Aim of the task: The reply should hold only the lines from the one with "Before Under Deck Ceiling" to the one with "Ibanez SR505E Standard", both ends kept, exactly as they appear below, without any pictures.

Data to use:
::::::::::

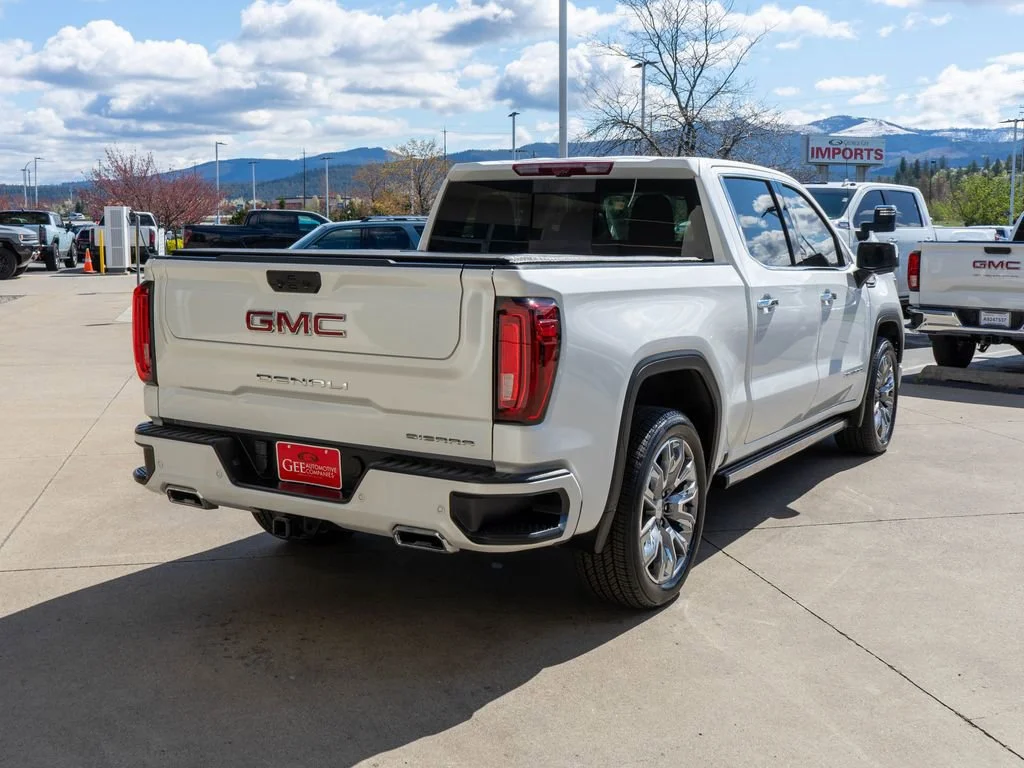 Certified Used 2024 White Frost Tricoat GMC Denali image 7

::::::::::

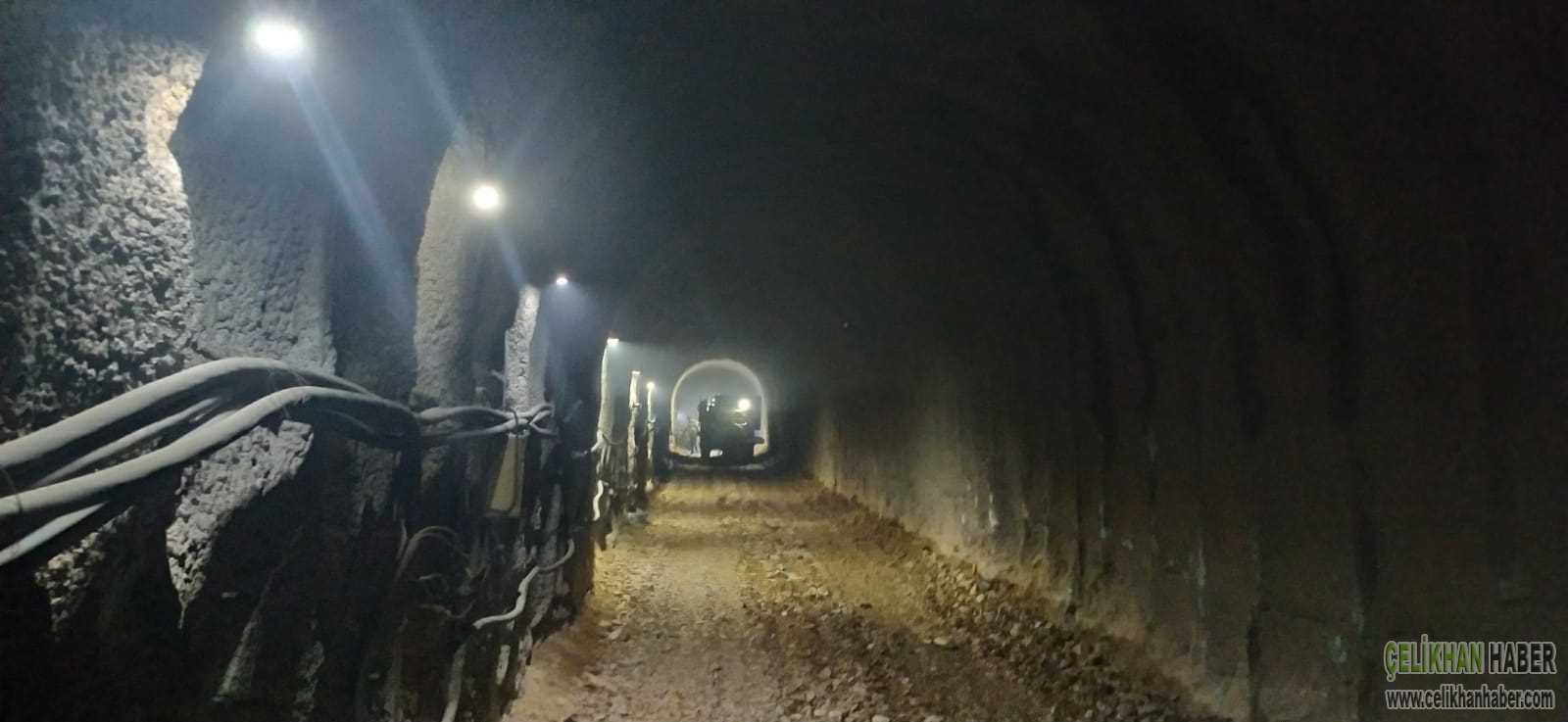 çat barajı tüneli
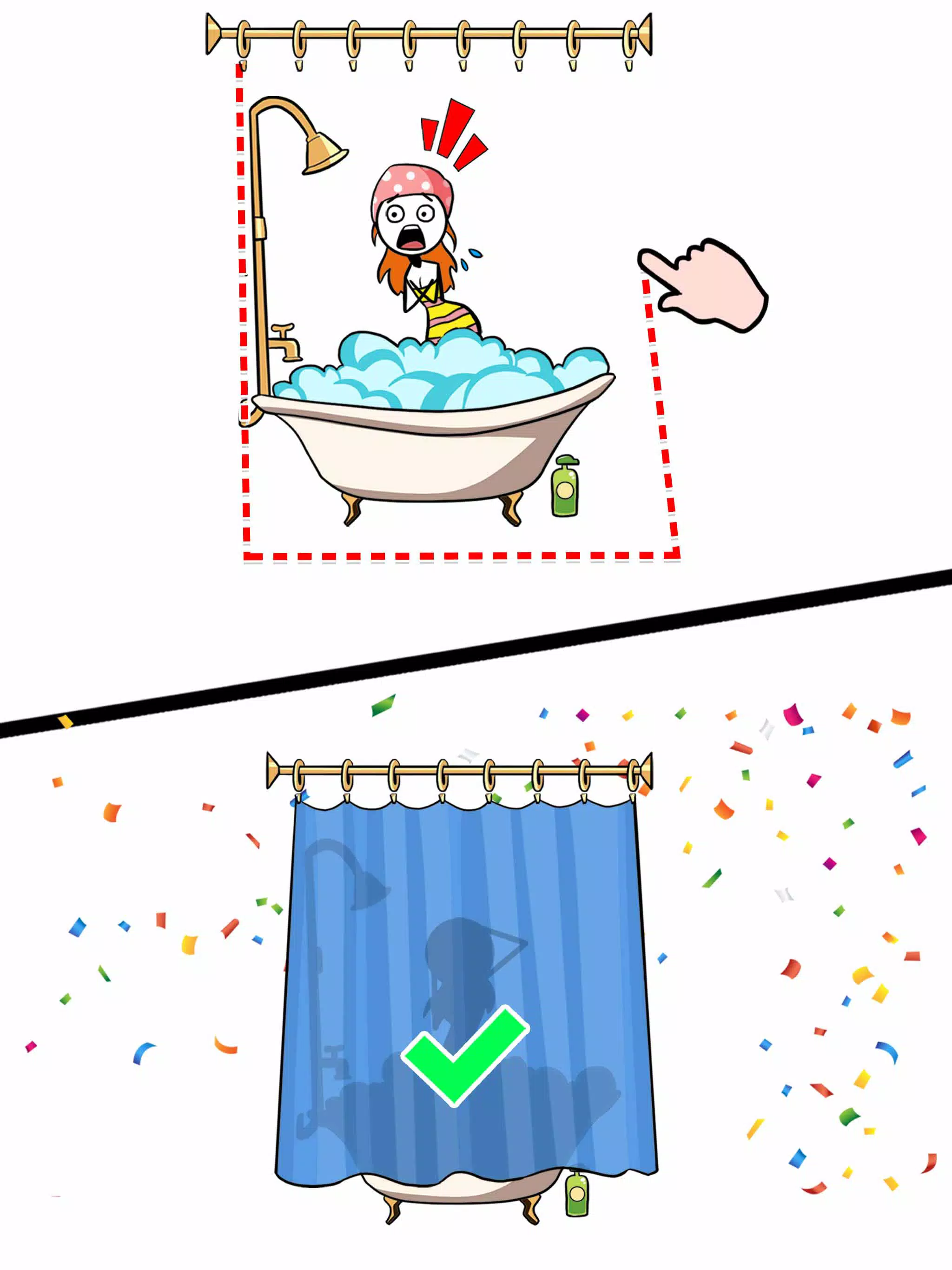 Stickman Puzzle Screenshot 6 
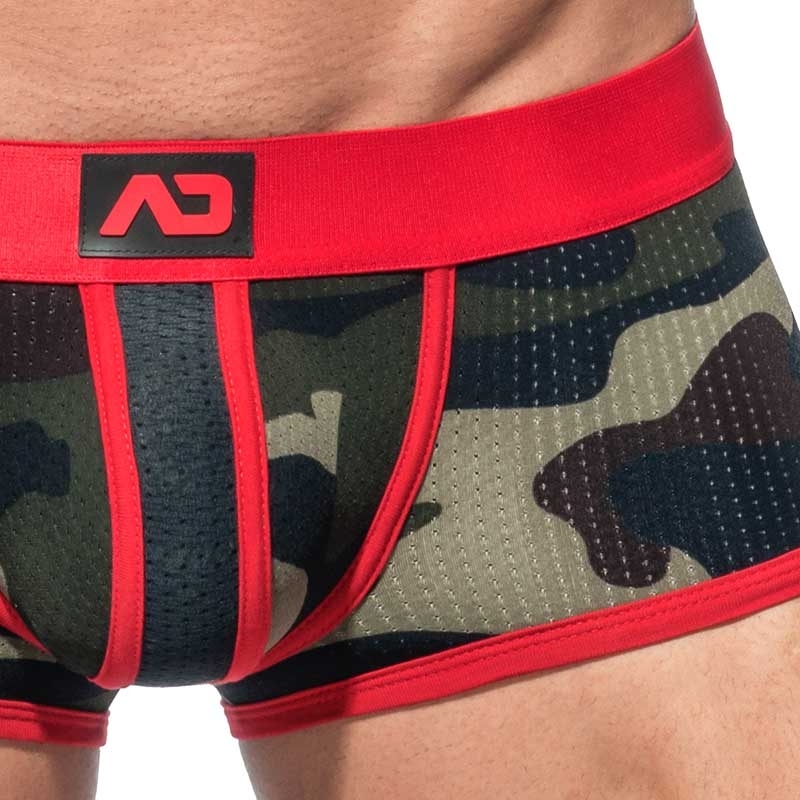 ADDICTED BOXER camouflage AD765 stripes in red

::::::::::

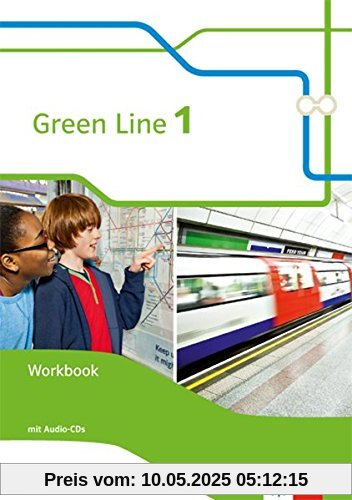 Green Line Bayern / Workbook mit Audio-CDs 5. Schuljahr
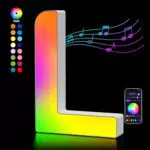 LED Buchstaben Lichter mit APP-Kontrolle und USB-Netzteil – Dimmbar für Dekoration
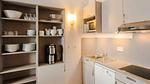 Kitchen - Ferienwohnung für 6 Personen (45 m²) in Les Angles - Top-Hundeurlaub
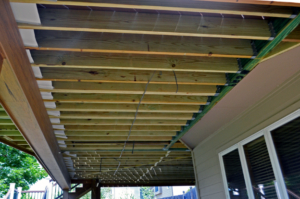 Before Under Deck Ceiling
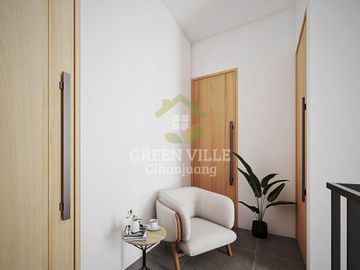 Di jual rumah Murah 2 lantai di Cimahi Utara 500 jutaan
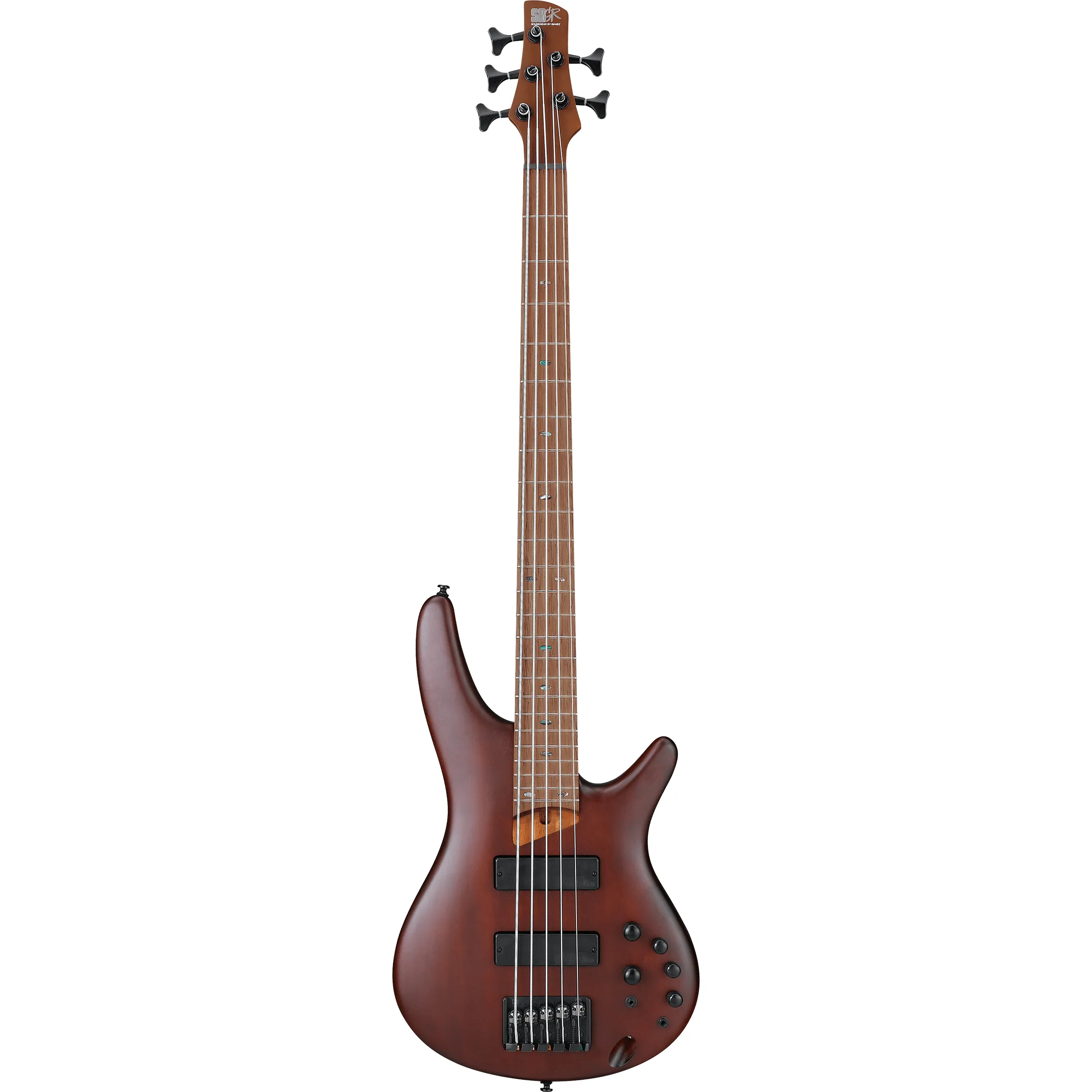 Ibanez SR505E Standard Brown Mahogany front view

::::::::::

Reply to the exercise:
 Before Under Deck Ceiling
 Di jual rumah Murah 2 lantai di Cimahi Utara 500 jutaan
 Ibanez SR505E Standard Brown Mahogany front view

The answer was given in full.